Product companies should prepare for the increased likelihood of defending litigation in the state courts of New Jersey as a result of a New Jersey Supreme Court opinion issued this week that significantly expands state courts' exercise of personal jurisdiction over company defendants in product liability litigation.
Nicastro et al. v. McIntyre Machinery America Ltd. et al. involved a personal injury lawsuit against the British manufacturer of an industrial metal cutter. The plaintiff severed four fingers while using the machine. (Click here to read our alert on the Appellate Division holding in this case.) The court, in its February 2, 2010, opinion, acknowledged that J. McIntyre Machinery, Ltd., had no presence in or even "minimum contacts" with New Jersey that would justify a state court's exercising jurisdiction. Instead, the court restated and relied upon a "stream-of-commerce" theory, the original and arguably more narrow version of which it first endorsed almost 25 years ago.
Specifically, the court held that "a foreign manufacturer that places a defective product in the stream of commerce through a distribution scheme that targets a national market, which includes New Jersey, may be subject to the in personam jurisdiction of a New Jersey court in a product liability action." Notably, it further held that "a manufacturer [that] does not want to subject itself to the jurisdiction of a New Jersey court while targeting the United States market … must take some reasonable step to prevent the distribution of its products in this State."

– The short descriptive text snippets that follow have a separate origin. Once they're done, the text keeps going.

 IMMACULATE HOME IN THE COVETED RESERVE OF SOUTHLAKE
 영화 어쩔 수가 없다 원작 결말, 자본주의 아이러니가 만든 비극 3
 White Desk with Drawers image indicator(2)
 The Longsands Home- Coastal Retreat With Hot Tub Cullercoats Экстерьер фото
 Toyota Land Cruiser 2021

A dissenting opinion in the Nicastro decision argues that this approach improperly expands New Jersey's precedent on jurisdiction. Previously, placing a product into the stream of commerce was, by itself, insufficient to establish jurisdiction. Instead, distribution purposefully directed at New Jersey residents—or at least an awareness that the product was being marketed to them—was required. With the latest ruling, any manufacturer with a national marketing or distribution scheme, regardless of whether that scheme specifically targets New Jersey or whether there are any actual contacts with the State, must be prepared to defend itself in state court. The court noted that this doctrine of jurisdiction is particularly suitable in product liability cases while acknowledging that it would not necessarily apply in contract or other cases.